El temor va ganando terreno en quienes se acercan al
final de su vida, cuando perciben como si la muerte los fuera a depositar en un
vacío estepario al cual no podrán
llevar ninguna riqueza ni poder temporal. El Señor, nuestro Buen Pastor, nos
invita en cambio a no tener miedo si somos fieles, pues en la casa del Padre
celestial hay muchas moradas (Jn 14, 2). Y en el cortejo de recibimiento
estarán seguramente aquellos a los que ayudamos durante la vida y nos
precedieron en el camino a la eternidad: “Ven –nos invitarán-, porque fui forastero y me hospedaste (Mt 25,
35)”.
La Virgen María, cambiando sus planes, aceptó a
Jesús aún sabiendo que sería incomprendida; hospedó en su alma y en su cuerpo,
en su vida y en su historia la voluntad de Dios, Su Palabra de salvación. A la
luz de su especial vivencia de la maternidad, la hospitalidad es enriquecida
por una nueva dimensión. Una y otra se ven internamente entrelazadas en todos
los momentos de su peregrinar terreno. En sus entrañas maternales, abiertas
constantemente a Aquel que es el origen de la Vida, descubrimos la fecundidad
del corazón humano dispuesto en todo momento a colaborar con el Amor de Dios.
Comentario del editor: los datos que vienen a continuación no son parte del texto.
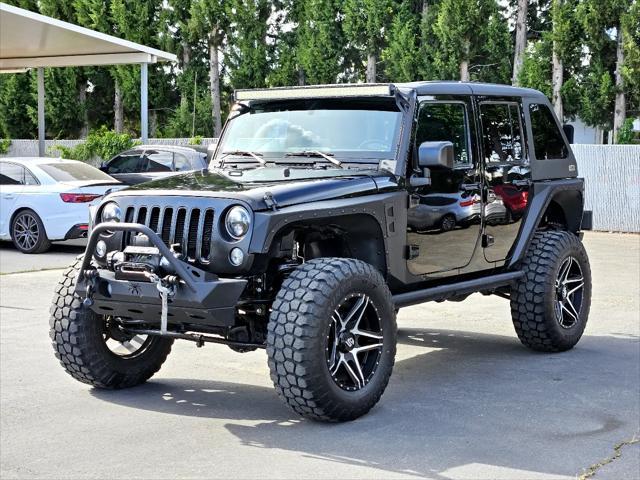 used 2016 Jeep Wrangler Unlimited car, priced at $26,997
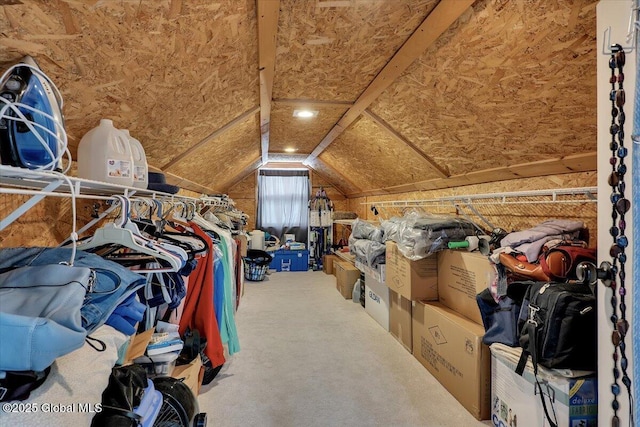 walk in closet featuring vaulted ceiling and carpet floors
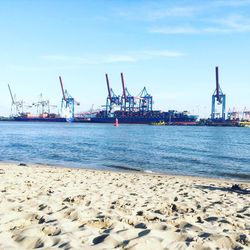 Cranes at commercial dock against blue sky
Su asunción al cielo en cuerpo y alma fue un privilegio para ella y un don para
nosotros. Ella nos desvela con su testimonio profético el sentido de nuestra
vida y el destino que nos aguarda. Y ella también espera a todos sus hijos, al
final de su camino, con una sonrisa
en los labios y un abrazo maternal: a todos aquellos que, como el joven apóstol
Juan, la aceptamos en nuestra casa
como madre de nuestra salvación (Jn 19, 27).